Biden’s balance on China — build international coalitions to confront unfair trade practices while seeking cooperation on climate change and global pandemics — will prove far better. As a terrific New York Times piece chronicled, his approach is rooted in learning from his long and complex series of interactions with China, which included much good and bad. Trump cannot learn.
What’s more, Trump did not actually oppose the Iraq War. And the Trumpist vow to undo our post-9/11 militaristic excesses has always been mostly nonsense — he regularly boasts of building up the military and even talks about maximal weapons sales abroad as good business for the United States, which it has long been.
And while Biden’s brand of hawkish liberal internationalism badly needs a rethink, we are now seeing Trump’s own supposed hostility to hyper-militarization morph into hideous domestic abuses of the national security state right before our eyes.
Above all, Trump is responsible for the most catastrophic elite policy failure of the modern era.
When we learned Trump privately knew the airborne coronavirus threat was far deadlier than he publicly allowed — and that he admitted to publicly downplaying it — it exposed his disastrous mishandling of the pandemic in a new way.
When this is understood as exactly the sort of massive elite policy disaster — buttressed by extraordinary willful deception and deeply depraved unconcern for the lives of untold Americans — that the Trump mythos created as his foil, that mythos implodes further.
As the nearly 200,000 deaths help illustrate, Trump and his cronies have turned out to be a stupider, more corrupt, more incompetent, more dishonest and more depraved elite than even the caricature version of pre-Trump elites he created as a foil to gain power.

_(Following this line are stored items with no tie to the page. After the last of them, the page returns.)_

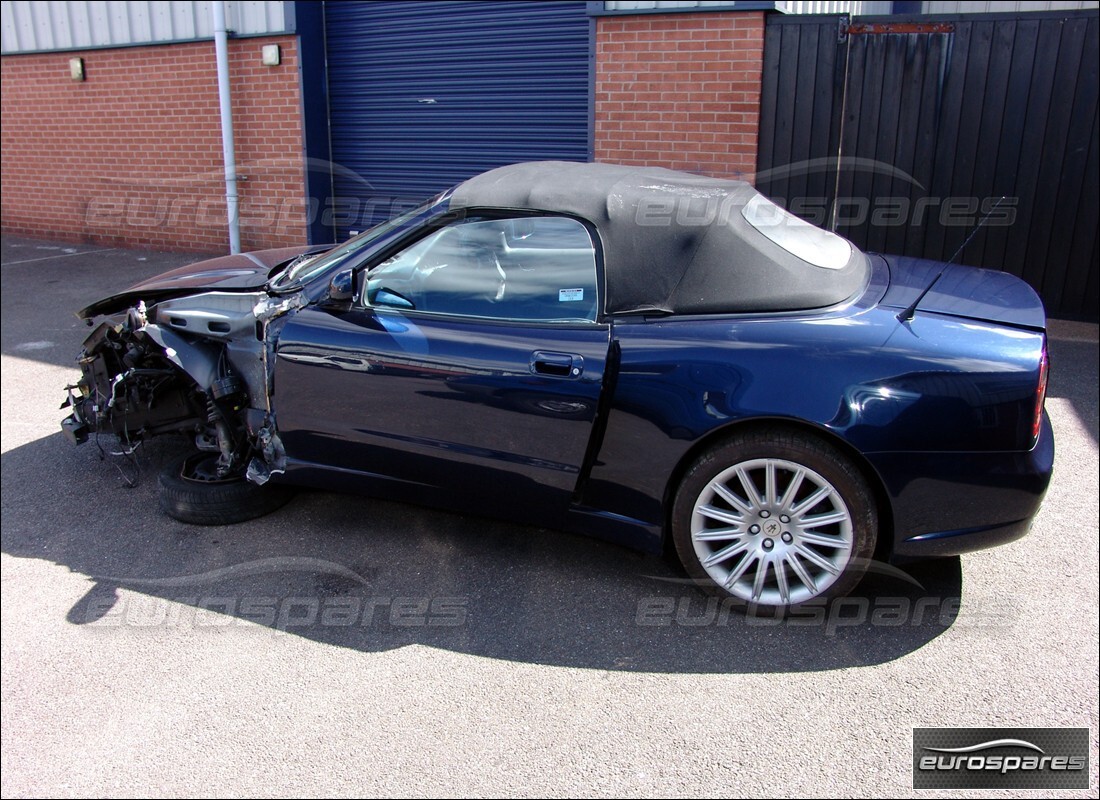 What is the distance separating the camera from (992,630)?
3.38 m

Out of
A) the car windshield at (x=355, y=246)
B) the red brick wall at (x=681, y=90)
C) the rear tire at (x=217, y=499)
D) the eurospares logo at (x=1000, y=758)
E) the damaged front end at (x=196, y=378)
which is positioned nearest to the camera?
the eurospares logo at (x=1000, y=758)

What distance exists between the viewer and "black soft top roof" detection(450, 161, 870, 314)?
11.4 feet

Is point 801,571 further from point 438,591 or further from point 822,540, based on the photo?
point 438,591

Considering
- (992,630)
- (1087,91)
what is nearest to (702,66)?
(1087,91)

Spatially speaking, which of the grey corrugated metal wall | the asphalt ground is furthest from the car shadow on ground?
the grey corrugated metal wall

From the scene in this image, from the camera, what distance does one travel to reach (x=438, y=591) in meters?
3.70

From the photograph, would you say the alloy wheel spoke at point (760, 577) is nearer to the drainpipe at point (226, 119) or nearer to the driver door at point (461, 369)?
the driver door at point (461, 369)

Trump has carried forward the very worst of our post-9/11 pathologies.
Much of this will be taboo for our politicians on 9/11’s anniversary. But it shouldn’t be for the rest of us.
America’s 9/11 response was very, very bad and the ramifications of that failure will be felt for many decades. But Trump’s original and unique exploitation of that should be a wake-up call that the dynamics we all thought governed our country could be turned inside out.
It’s important to stay flexible of mind in times like these. It’s very, very easy for things to go sideways if you insist on continuously fighting the last war.